# EXERCISE DIRECTIONS:
Give again, exactly as written, the lines of the records below from the line with "The Edge Of Ambiguity - Chapter 30 Page 5" to the line with "Tecendo Intelectualidades Filosofia". Both end lines count; pictures do not.
===== INFORMATION GIVEN =====
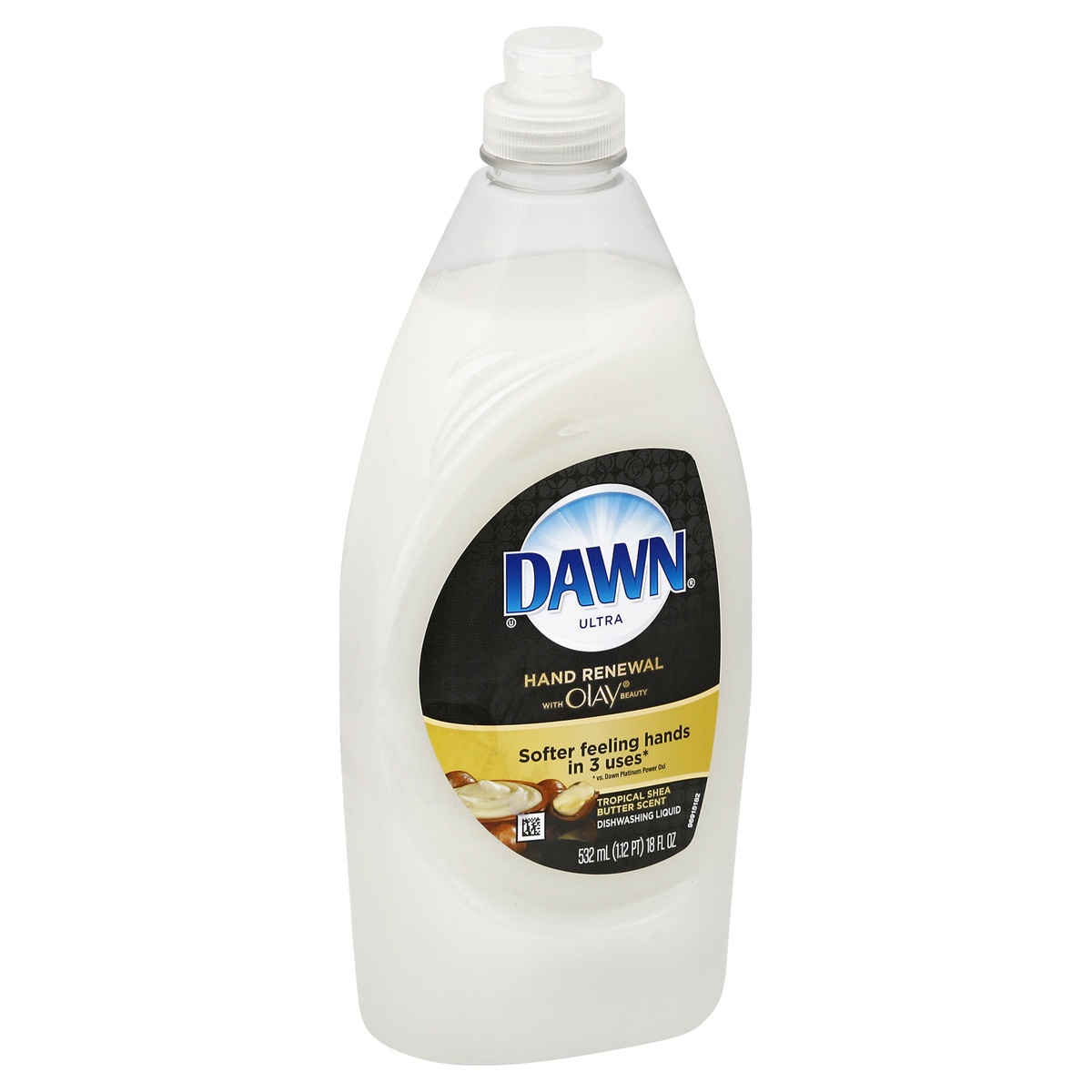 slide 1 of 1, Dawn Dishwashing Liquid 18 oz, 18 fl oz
=====
===== INFORMATION GIVEN =====
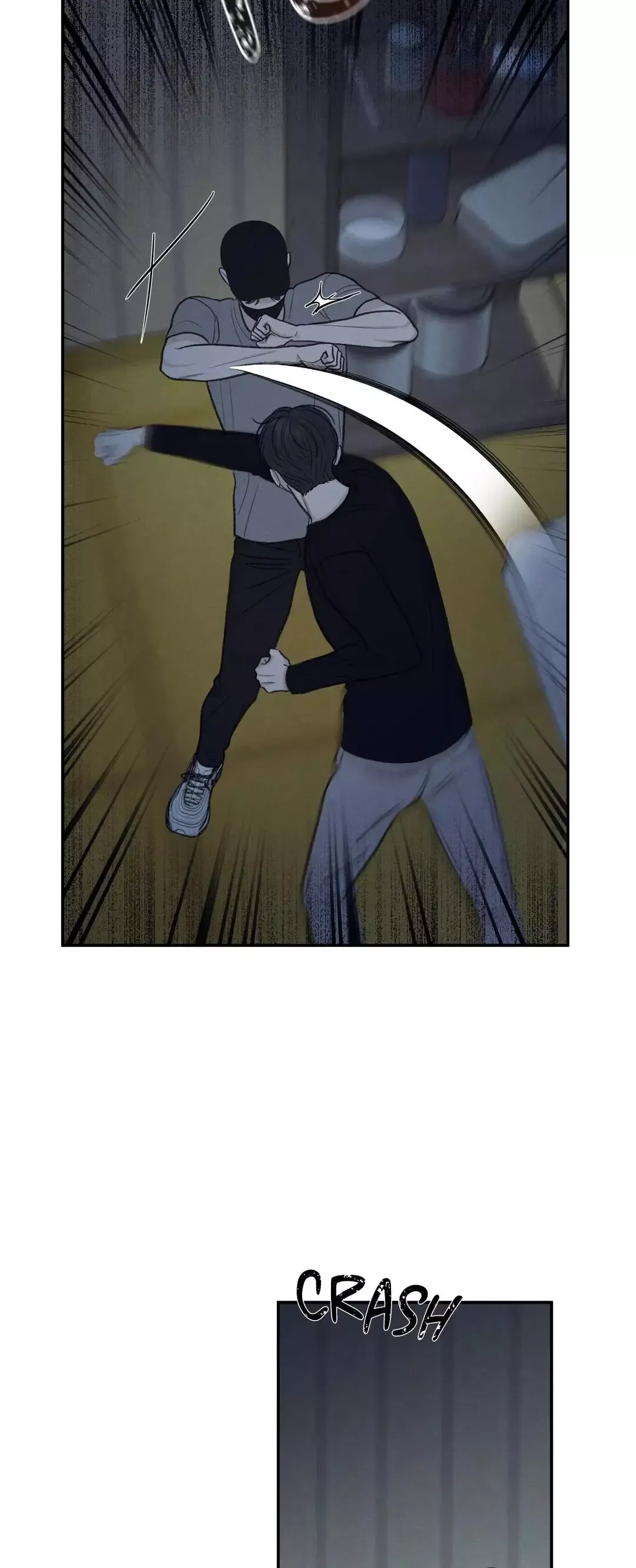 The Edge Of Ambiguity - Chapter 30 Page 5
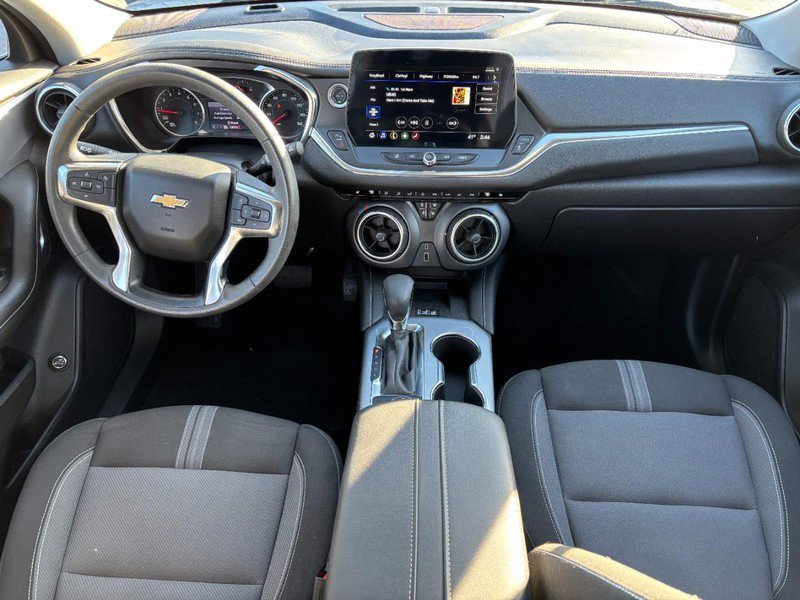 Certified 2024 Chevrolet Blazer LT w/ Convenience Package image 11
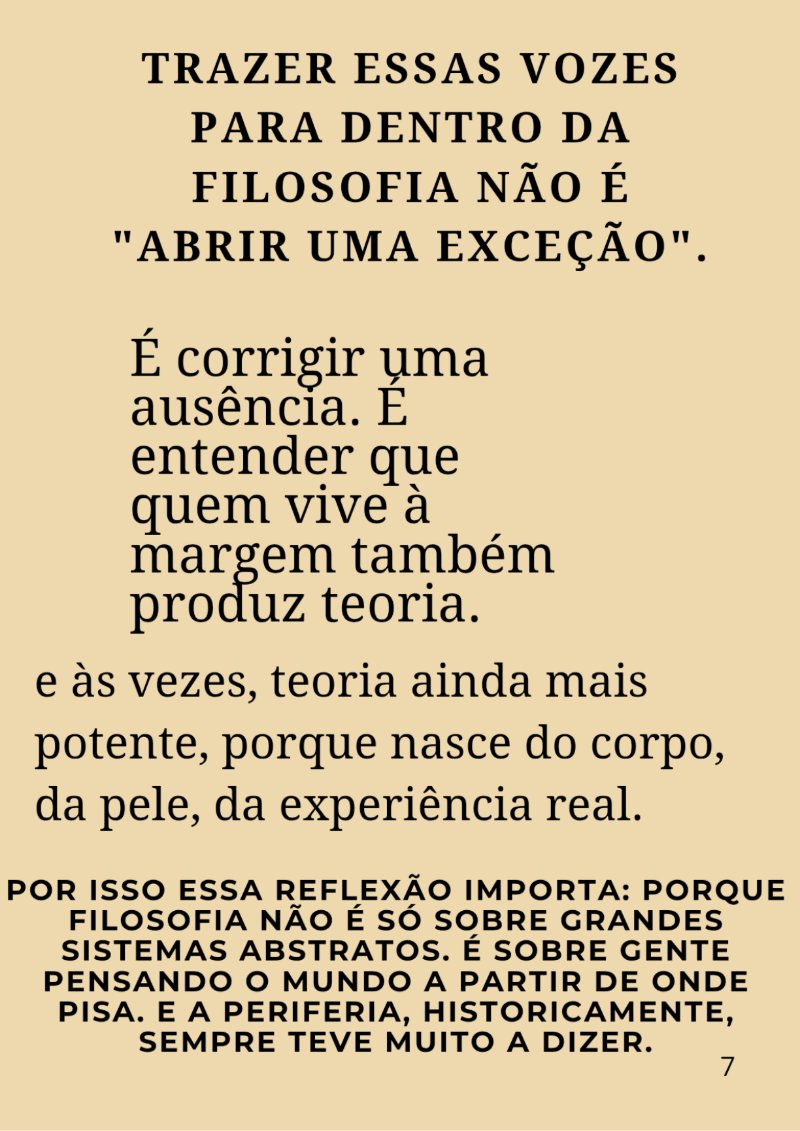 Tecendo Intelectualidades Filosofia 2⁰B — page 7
=====
# ANSWER BOX:
 The Edge Of Ambiguity - Chapter 30 Page 5
 Certified 2024 Chevrolet Blazer LT w/ Convenience Package image 11
 Tecendo Intelectualidades Filosofia 2⁰B — page 7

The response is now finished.